Le canapé me permet de parer aux éventuelles attaques de « sommeils flashs » sans risque et concernant les rôtis ficelés comme des bottes de balles (ou vice versa), c’est sans doute votre métier qui m’a fait les voir ainsi…
En vous lisant, une chose incroyable m’est apparue : vous avez la même écriture ! Sans doute parce que vous portez le même nom ? Le hasard a fait que le modèle de ma photo utilisée pour l’affiche de l’AFIAC s’appelle aussi Boyer : Anne-Claire Boyer. Je vais lui demander de m’écrire pour vérifier son écriture avec la vôtre pour tirer tout cela au clair. Ou bien est-ce toi, Nelly, qui a écrit ce que Jean-Pierre te dictait, ou alors as-tu écrit en te « mettant à sa place » ?
Vous voyez, c’est une obsession chez moi, on en revient toujours à la question de l’apparence et de l’identité ! D’ailleurs Jean-Pierre avoue que mon travail ne vous a pas laissé indifférent… bien sûr, puisque vous êtes pareils !
J’ai beaucoup aimé participer à l’AFIAC. Je l’ai vécue avant tout comme une aventure humaine inattendue et très enrichissante.
Lorsque Pascal Pique m’a invitée à concevoir un projet in situ à Fiac, je me suis tout d’abord demandée s’il ne s’était pas trompé de personne.
L’effet de surprise passé, ce projet m’est vite apparu comme une occasion pour vivre une expérience très libre avec quelques “figures” imposées : Nelly et Jean-Pierre Boyer.
Mais qui sont Nelly et Jean-Pierre Boyer ?
La question à elle seule m’intéresse. Une question à laquelle je ne me soucie pas de répondre. Qui sommes-nous ? Cette question doit rester une question à laquelle on n’arrête pas de répondre. Dès notre première rencontre, je vous ai proposé d’être acteurs de vous-mêmes. Je vous ai demandé de choisir la tenue dans laquelle vous vous sentez le mieux, celle qui vous représente le mieux. Je voulais faire une vidéo avec une unique scène.

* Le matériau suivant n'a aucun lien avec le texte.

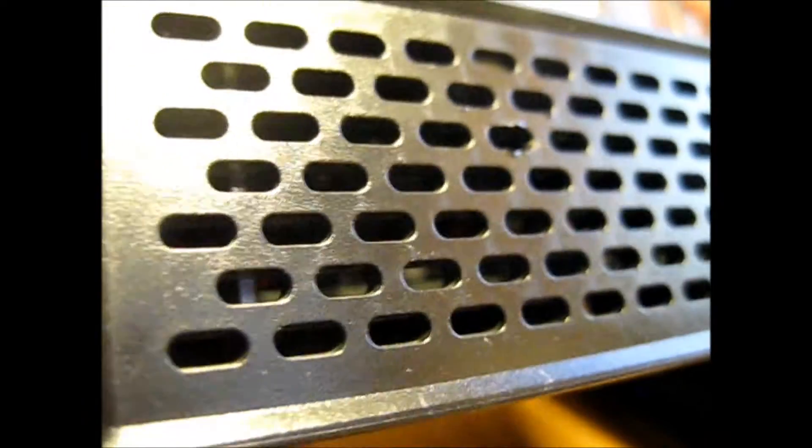And here you can get in here — you need a small screwdriver, a flat screwdriver. Go inside here and pry it out.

Chacun entre dans le salon, va s’asseoir dans le grand fauteuil pour affirmer :
– Je suis Nelly Boyer.
Ou bien :
– Je suis Jean-Pierre Boyer.
La même tenue devait ensuite être endossée par le plus grand nombre de gens du village pour refaire cette même et unique scène. Chacun était tenu au secret. Personne ne devait savoir ce que j’allais leur demander de faire. J’ai effectué un montage fusionnant les différentes personnes les unes dans les autres afin d’obtenir une espèce de vertige. J’ai pensé au roman de science-fiction “Dune” de Frank Herbert où, avant qu’une Élue se transforme en une Bene Gesserit, il lui faut survivre à une épreuve extrêmement difficile. Ce passage est ritualisé par une cérémonie où elle ingère un poison violent : l’Eau de la Vie. Si elle survit, la Bene Gesserit accède à une mémoire collective interne qui remonte au début des temps humains, remontant la longue liste de ses ancêtres. Dune m’a fait découvrir la science-fiction qui m’a passionnée de nombreuses années.
C’est fou comment quelqu’un qui a horreur d’écrire se met à ne plus savoir s’arrêter !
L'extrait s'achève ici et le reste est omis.